Work order:
In the entries below, find the line with "あわび専門店「伊勢せきや」正", then set it down exactly along with each line after it to the end, skipping any pictures.
───── Records for processing
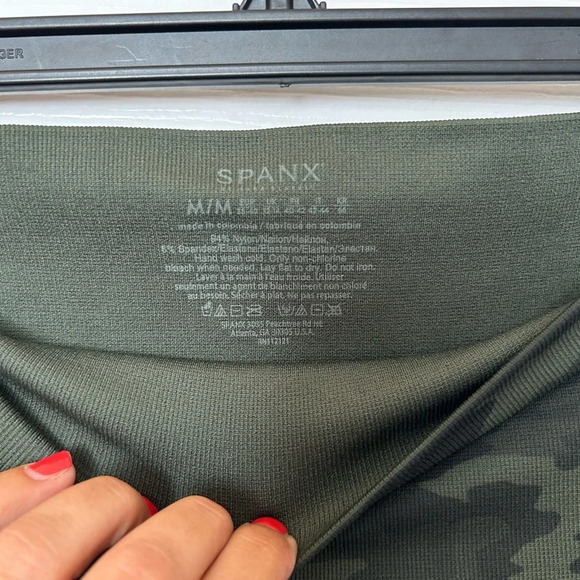 . Spanx Leggings Seamless Green Camo Size M - Picture 4 of 4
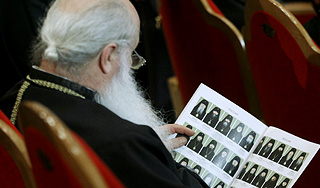Патриарха выберут по спецбюллетеням Патриарха выберут по спецбюллетеням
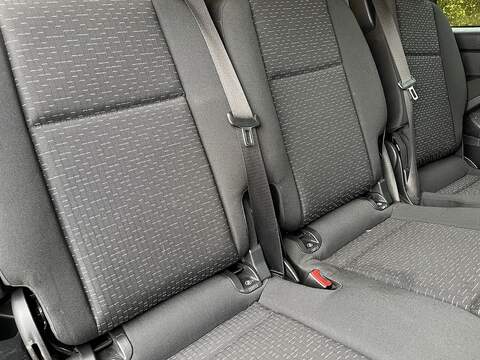 Mercedes-Benz Vito 2.0 116 CDI Premium Crew Van G-Tronic RWD L1 Euro 6 (s/s) 5dr - U496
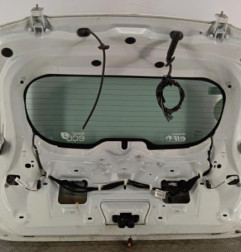 Malle/Hayon arriere RENAULT CLIO 4 Photo n°3
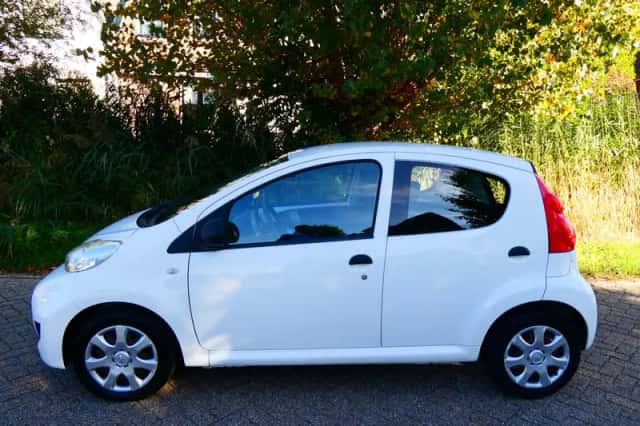 Peugeot 107 (2011) thumbnail 4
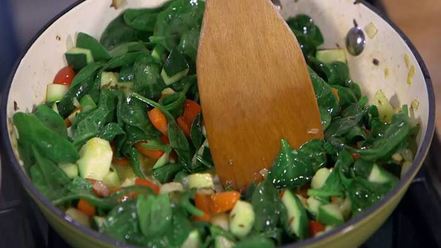 Рецепт кускуса с баклажаном, цукини и перцем чили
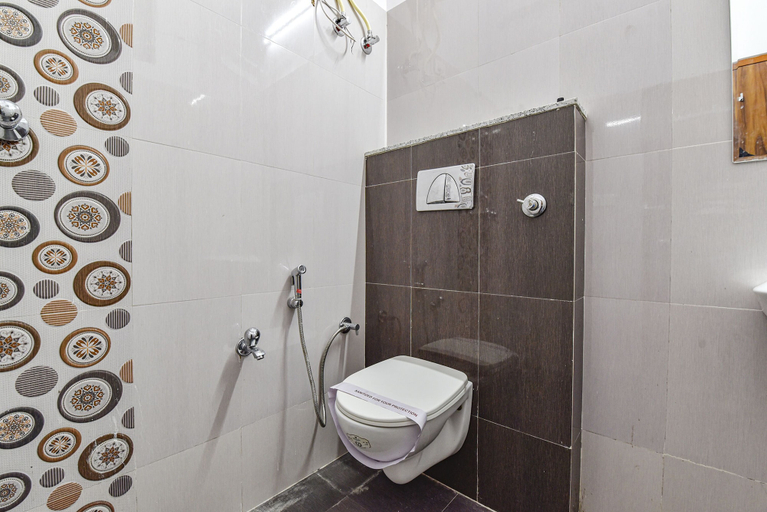 Bathroom 3, Fabhotel Golden Sakura, Jaipur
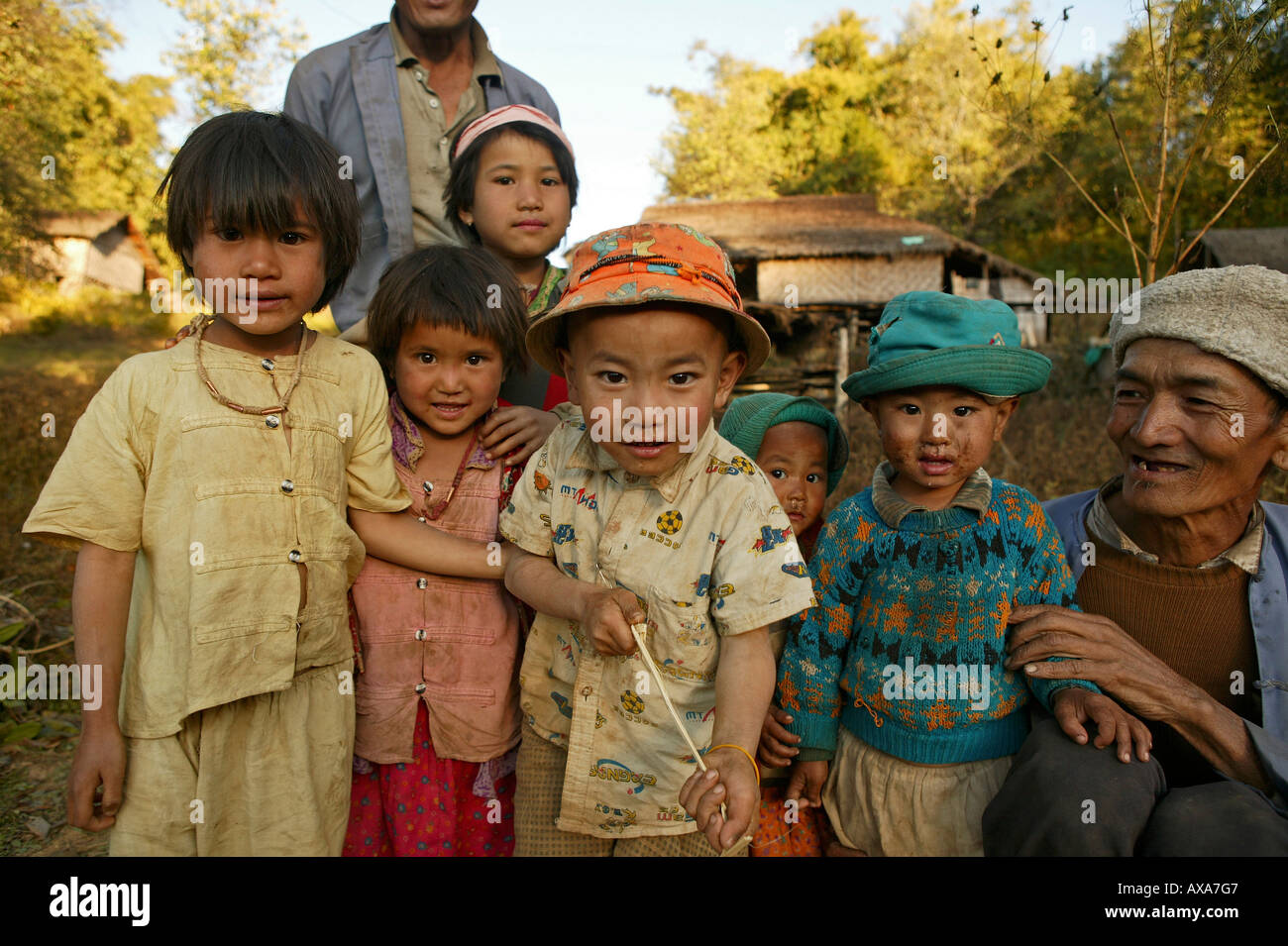 Portrait des enfants de pays, avec le vieil homme, le Myanmar Banque D'Images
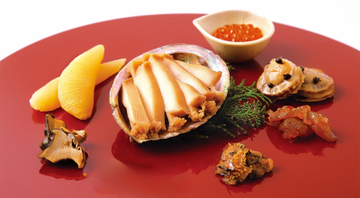 あわび専門店「伊勢せきや」正統派・海鮮おせちの予約受付を開始～神のまち伊勢から～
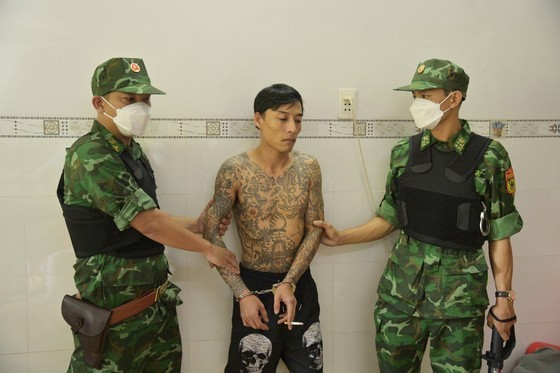 Đối tượng Nguyễn Hồ Ngọc Vinh bị lực lượng chức năng bắt giữ - Ảnh: BĐBP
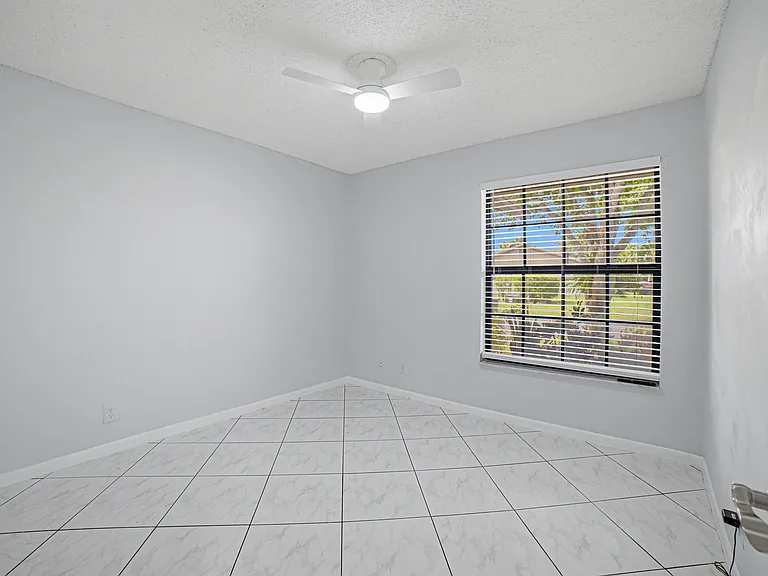 5284 Breadfruit Cir — Photo 24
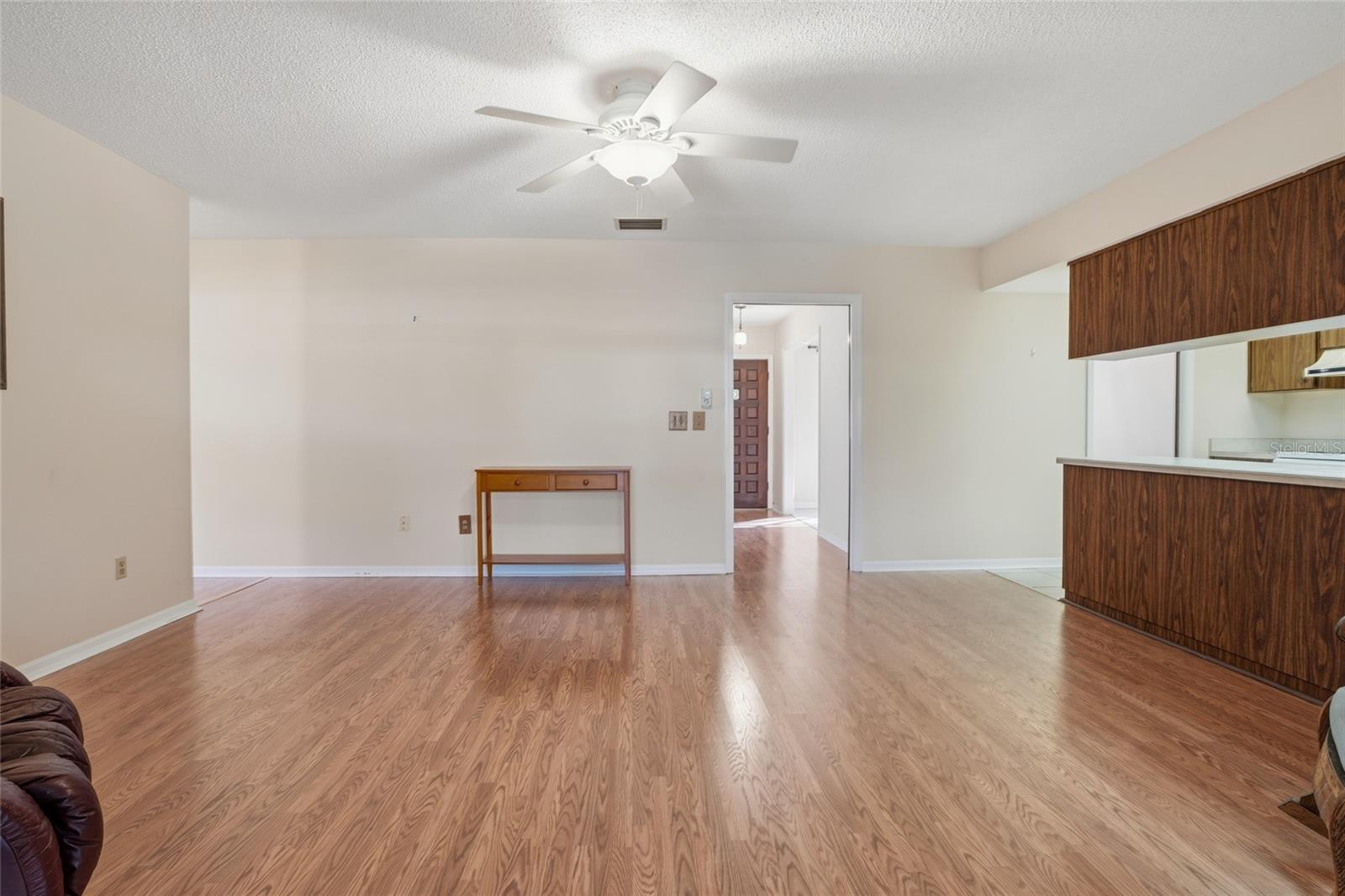 Image 7 of 43 For 3037 Joan Court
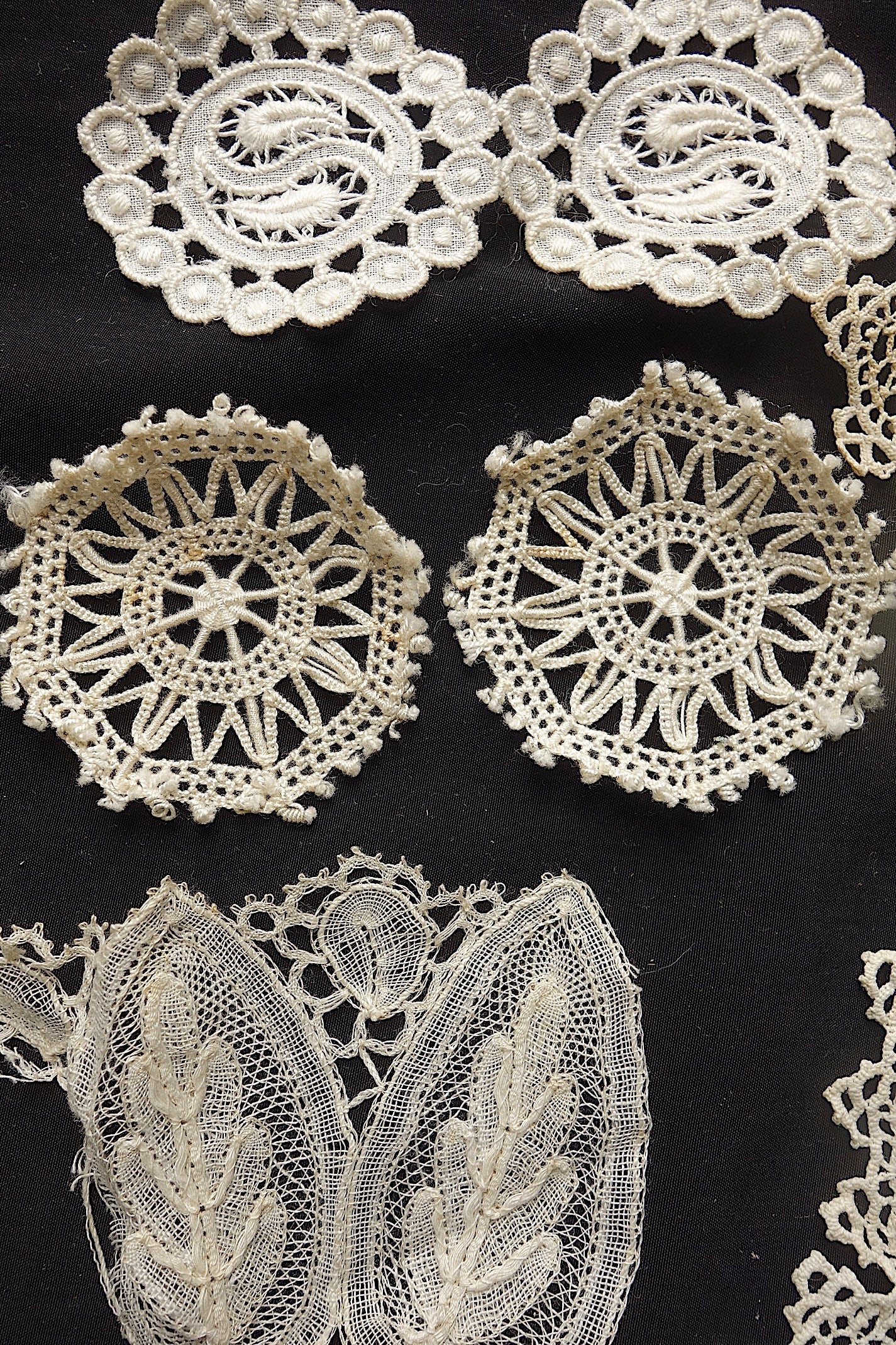 アンティークレース　モチーフlots4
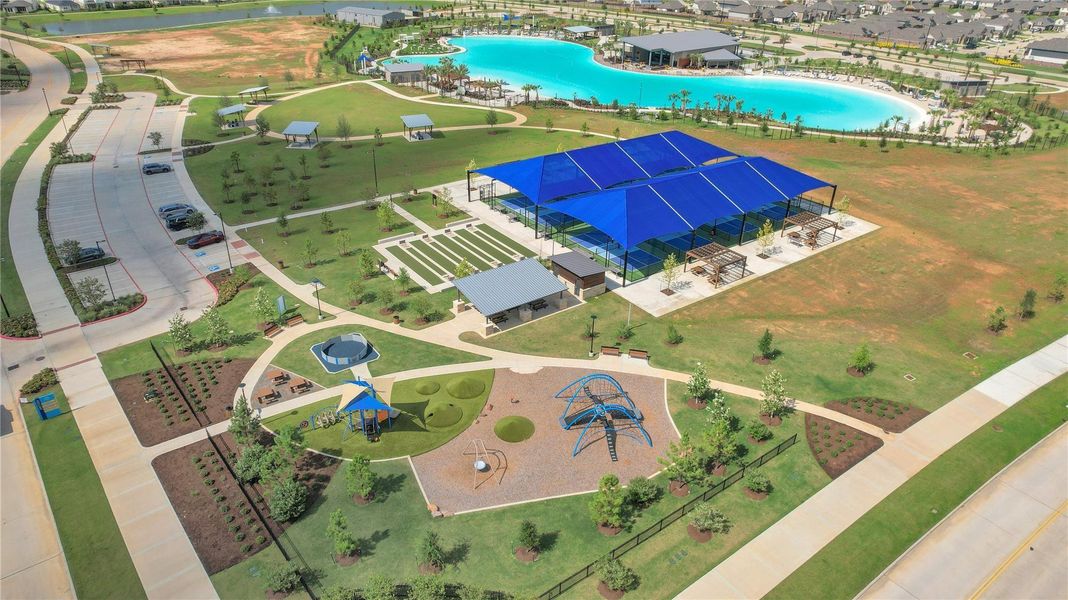 Community amenities in Sunterra, Katy (Image 31). Community amenities in Sunterra, Katy (Image 31).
──────────
Task result:
 あわび専門店「伊勢せきや」正統派・海鮮おせちの予約受付を開始～神のまち伊勢から～
 Đối tượng Nguyễn Hồ Ngọc Vinh bị lực lượng chức năng bắt giữ - Ảnh: BĐBP
 5284 Breadfruit Cir — Photo 24
 Image 7 of 43 For 3037 Joan Court
 アンティークレース　モチーフlots4
 Community amenities in Sunterra, Katy (Image 31). Community amenities in Sunterra, Katy (Image 31).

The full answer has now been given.